UNRWA was premised on ethnic sorting, using economic methods to integrate the Palestinian Arabs into Arab states.  Initially, temporary relief and works projects were initiated; subsequently, large-scale economic development projects were proposed  to integrate the refugees economically into the surrounding Arab states into which they had fled.20  All efforts at economic integration without resolving the political status of the refugees failed.  With the exception of Transjordan, the Arab states resisted integration, in part  because they identified the Jews, not as a local rival nation, but as the remnant of colonialism.  Ignoring the reality that the majority of Jews in Israel fled from Arab lands in good part from fear of persecution following the creation of Israel, the Arab states wanted the Jews to be pushed back to Europe which they perceived to be the source of the Zionist Jews.  The Palestinian refugees would constitute the human resource pool and the motivation to engage in that push.

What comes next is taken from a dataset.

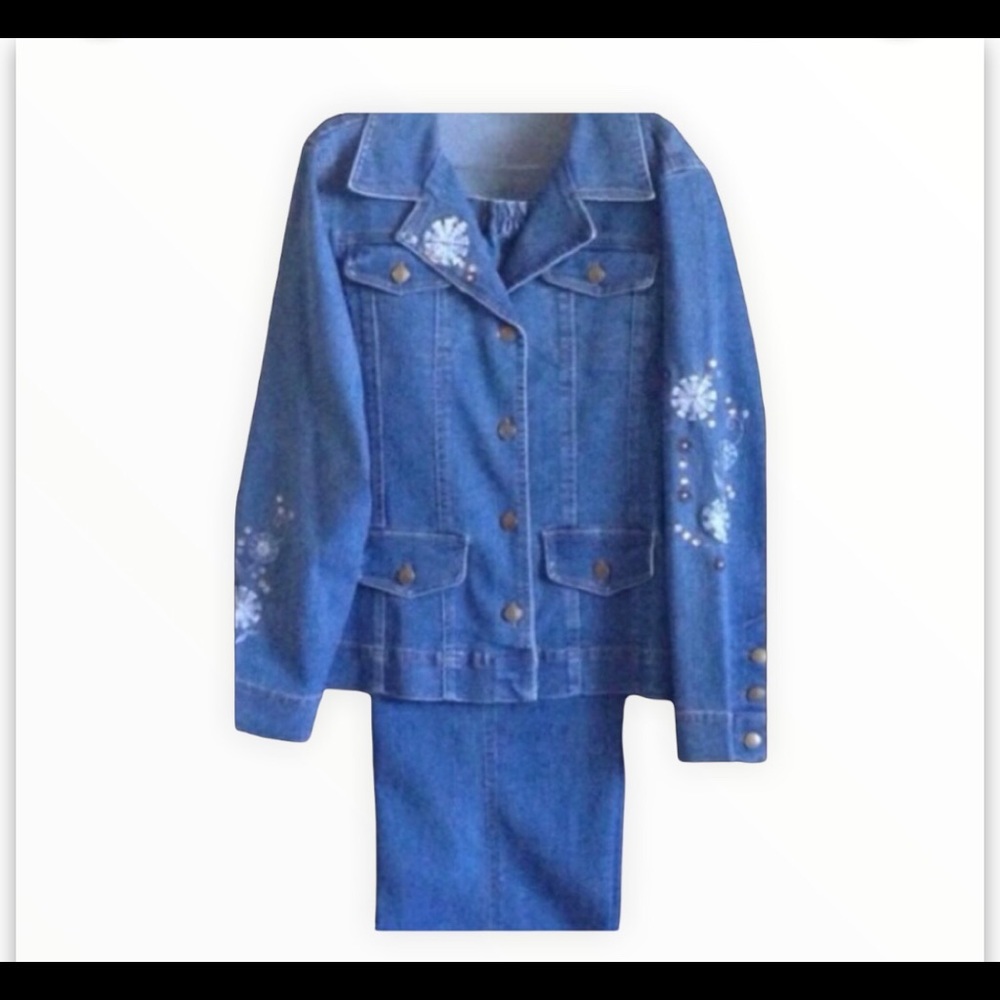 🔴Denim Pants Set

The Jewish refugees from Europe and from Arab lands were refugees who became warriors in order to live in a state that would provide membership for themselves, and security for both themselves and for their nation.  Many Palestinian refugees were now in the same position.  They were not integrated in Lebanon.  Even Transjordan, where Palestinians were the majority, and where the West Bank, which was annexed by Transjordan, was virtually exclusively Palestinian, the identity of the state was not Palestinian.  Transjordan was a Hashemite Kingdom with a majority of Palestinian citizens, most of whom were still designated by the international community as refugees even though the Palestinians had been given citizenship by Transjordan.  Further, the refugees were allowed to languish in camps where they were instilled with an ideology of return and the eventual goal of  eliminating the Zionist entity, Israel.  This was most true in the refugee camps of Gaza, part of the original Palestinian territory now under Egyptian occupation; there, the refugees were kept in squalid conditions beside the stateless inhabitants.

Clearly, the refugees were not integrated.  With the exception of Transjordan, though even there most refugees were allowed to languish in refugee camps, the refugees were not provided with membership in a state that could provide for their protection.  Instead, they were imbued with an ideology of return.  When the Arab states were defeated by the Zionists of Israel in the Six Day War in 1967, and both the West Bank and Gaza were captured by Israel, the refugees recognized that they had to rely on themselves to recapture their lost lands.  They then became refugee warriors in the fullest sense of relying on themselves to recover their homeland.

However, defeated repeatedly, in Black September in Jordan in 1970, by the Israeli invasion of Lebanon in 1982, the refugee warriors came to recognize that their dream of victorious return had grown even more remote.  The indigenous population of the West Bank and Gaza also came to recognize that they would not be rescued from Israeli rule by any outside force, even their own refugee warrior community based in Lebanon.  The initiative shifted from the refugee warriors to those living in the occupied territories.  They rose up in the Intifada against Israeli rule.  The Intifada, not refugee warriors, provided the catalyst that developed into the by now widespread acceptance (in spite of severe resistance by some on both sides) finally and effectively to divide the territory of Palestine between Jews and Palestinians.  The complex and very fragile peace agreement between the Palestinians and the Jews has been an effort to implement that territorial and ethnic division.
The Palestinians were the archetypal refugee warriors.  Palestinian refugees, or the immediate parents and grandparents of Palestinian refugees, had fled the territory over which they were fighting.  Until the Intifada, they fought from bases in neighbouring states where they had acquired asylum as refugees.  They were recruited as warriors from outside the country, the vast majority from refugee camps.  They used violence to attempt to gain control over what they regarded as their homeland.  Though initially they might have fought as surrogates of another state, by and large they fought to take history into their own hands.  But they became warriors, not because of the conditions that had made them refugees, but because of the failure of the international community to find a political resolution of their status.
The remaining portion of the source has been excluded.